Une réflexion sur la vie

Katherine Jerkovic ne se donne pas elle-même une mission de changer la représentation de certains groupes au cinéma. Elle parle de ce qu’elle connaît, comme la plupart des artistes. Elle a remporté en 2018 le prix du premier long métrage canadien au Festival international du film de Toronto (TIFF) pour Les routes en février. L’histoire d’une jeune photographe qui retourne en Uruguay revoir sa grand-mère, en faisant le deuil de son père et de son ancienne vie.

Le coyote, qui a aussi été sélectionné au TIFF en septembre dernier, a été présenté au Festival du nouveau cinéma à Montréal ainsi qu’en compétition au Festival de Santa Barbara, en Californie.
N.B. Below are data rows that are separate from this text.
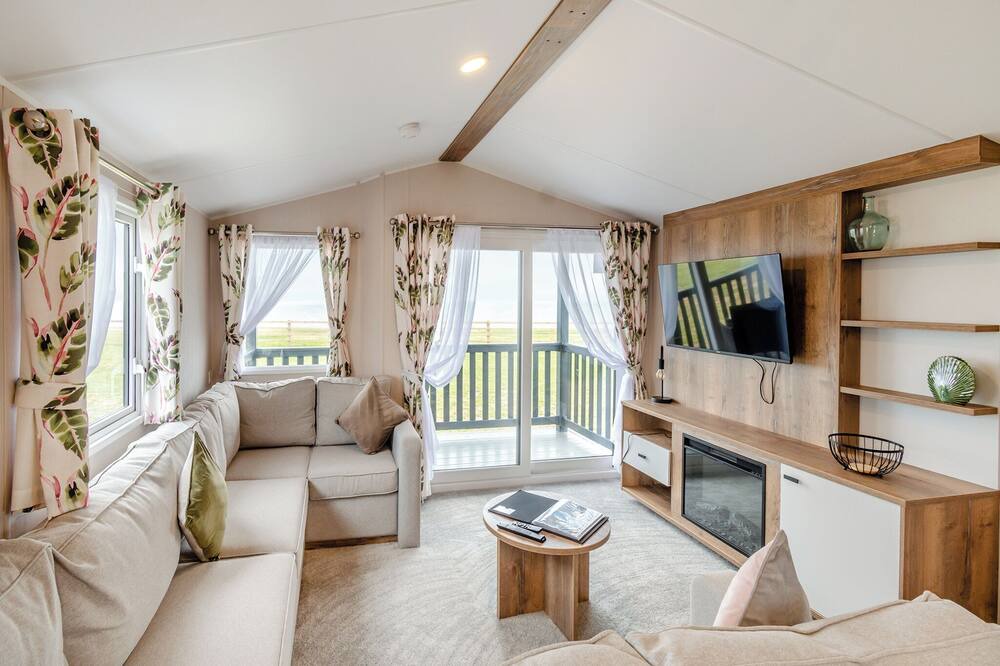 Hornsea House | The Headland (Pet Friendly)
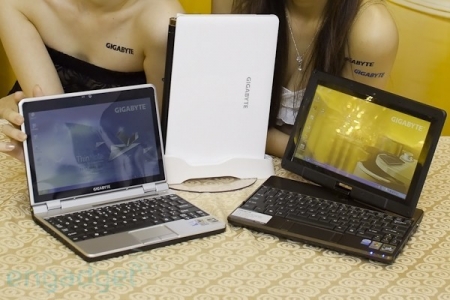 M1022, S1024, T1028 make their debut at CeBIT 2009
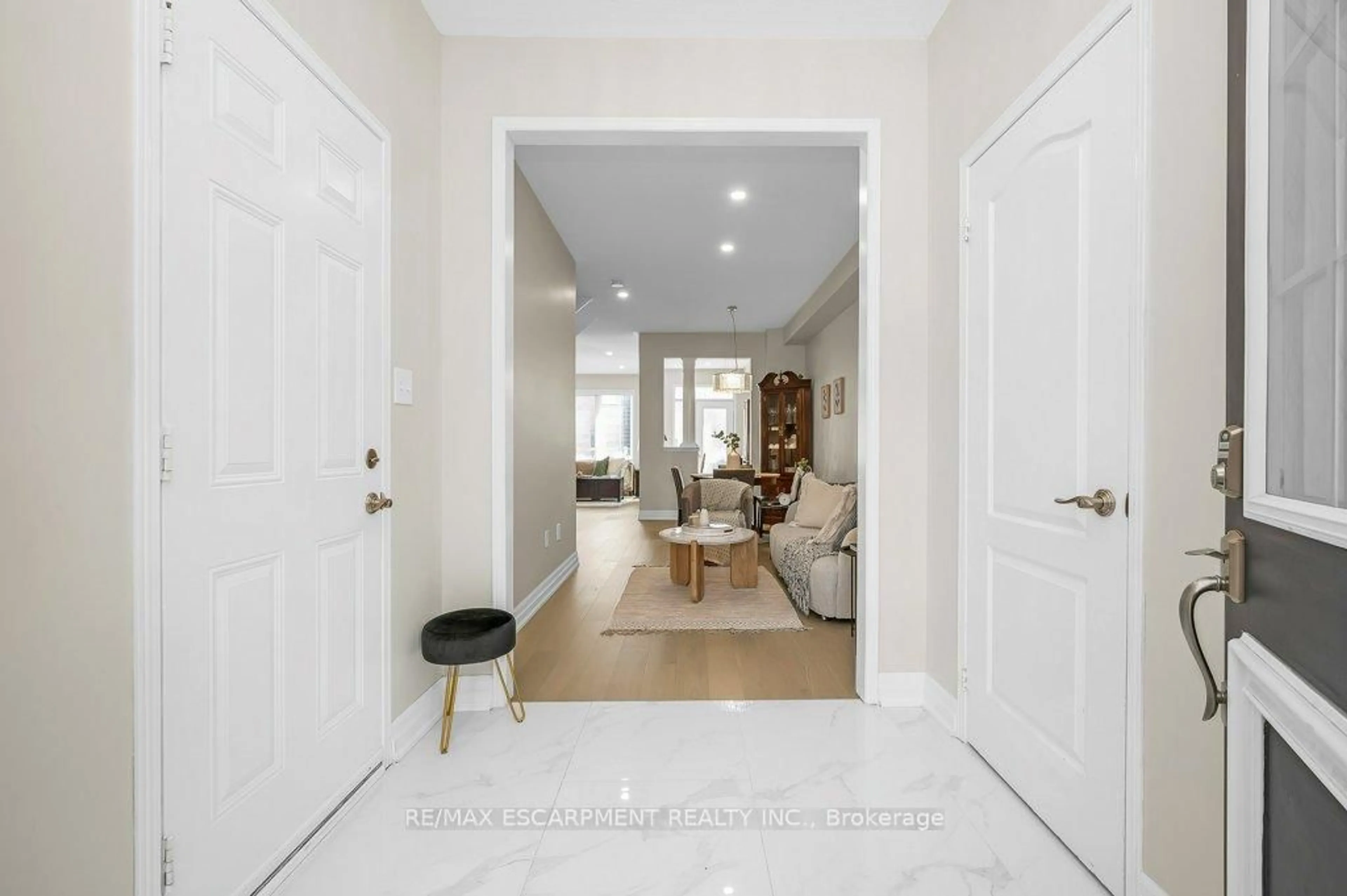 Indoor entryway for 2152 Fiddlers Way, Oakville Ontario L6M 0M5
Il a remporté le prix du meilleur film canadien du Festival de Whistler, où Jorge Martinez Colorado a obtenu celui de la meilleure interprétation masculine.

Le lien évident entre les deux longs métrages de Katherine Jerkovic est le rôle central qu’y tiennent des grands-parents récalcitrants. « Il y a aussi dans les deux films des gens partis pour de longues périodes qui reviennent dans leur famille et s’y sentent étrangers, remarque la cinéaste. Le coyote est moins autobiographique que Les routes. C’est moins un récit de la mélancolie de l’immigrant. »
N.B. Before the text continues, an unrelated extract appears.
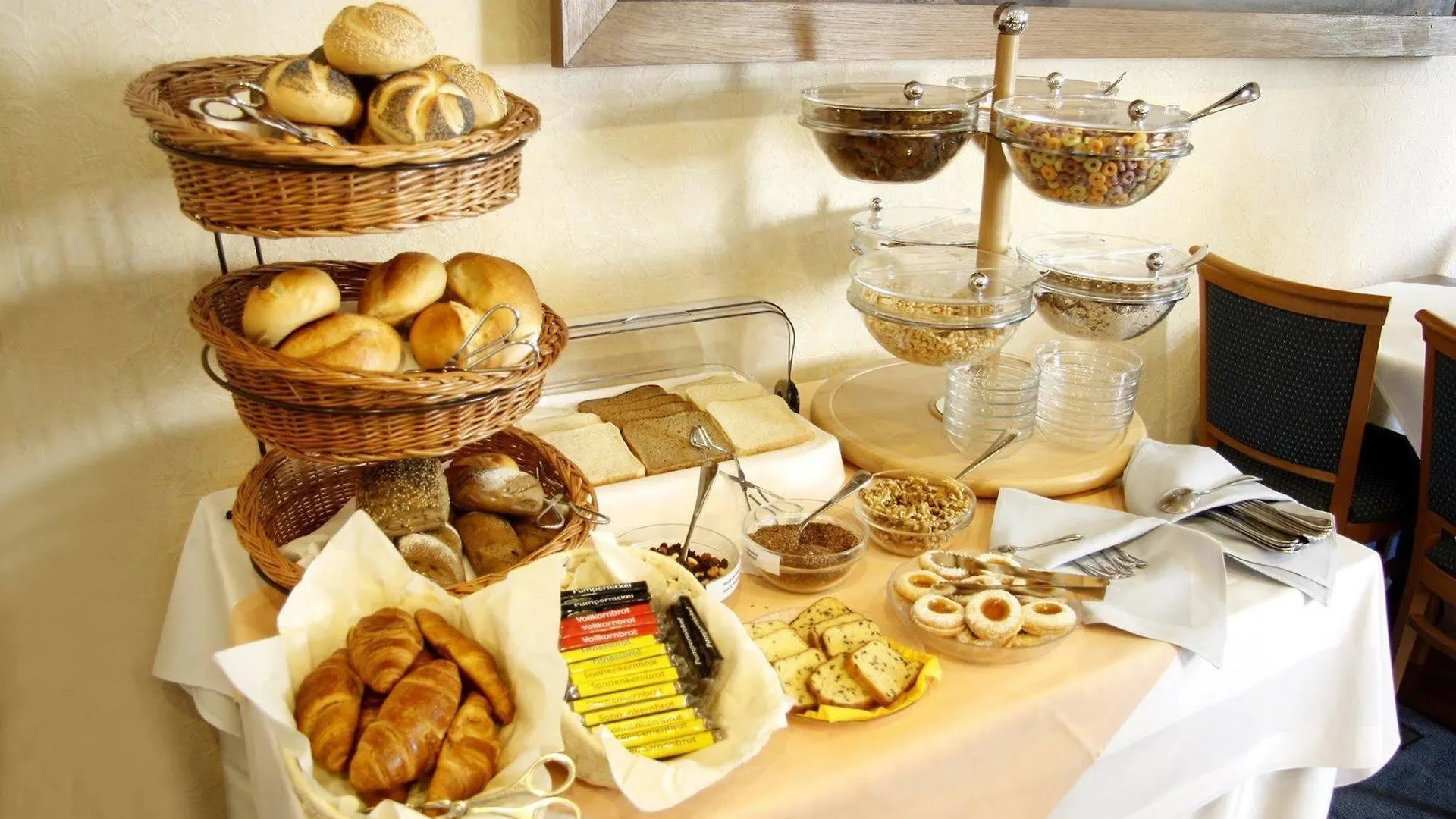 ***  Sure Hotel By Best Western Ambassador Duesseldorf Almanya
Avait-elle en tête, en rendant compte d’une expérience de l’immigration au Québec, de sortir de certains carcans et clichés ?

La question de l’immigration n’était pas vraiment présente au départ. C’est en cours d’écriture que je me suis posé cette question-là.

Katherine Jerkovic, cinéaste

« Au début, c’était l’histoire d’un homme qui est à la croisée des chemins et qui vit un dilemme. Ce qu’il vit n’est pas rattaché à sa condition d’immigrant. Ça pourrait arriver à tout le monde », ajoute-t-elle.

Katherine Jerkovic décrit son film comme une réflexion sur la vie, avec tous ses imprévus et tout ce qui est indépendant de notre volonté. Des entraves qui nourrissent nos parcours respectifs, rappelle-t-elle.

Lucide, elle est consciente que Le coyote n’est pas un film populaire voué à un énorme succès commercial. « C’est une petite offrande, pour ceux qui veulent la prendre. Je voulais ouvrir un espace, prendre le temps de proposer quelque chose en dehors de la surcharge d’images, de péripéties et d’émotions. On essaie souvent de susciter une émotion vive, une réaction instantanée. Ce n’est pas une garantie que le film laisse une trace. Je suis un peu à contre-courant, comme d’autres dans le cinéma d’auteur », dit-elle en riant.

C’est dans ce cinéma à contre-courant que l’on découvre souvent les œuvres qui méritent notre attention.

Le coyote est actuellement en salle.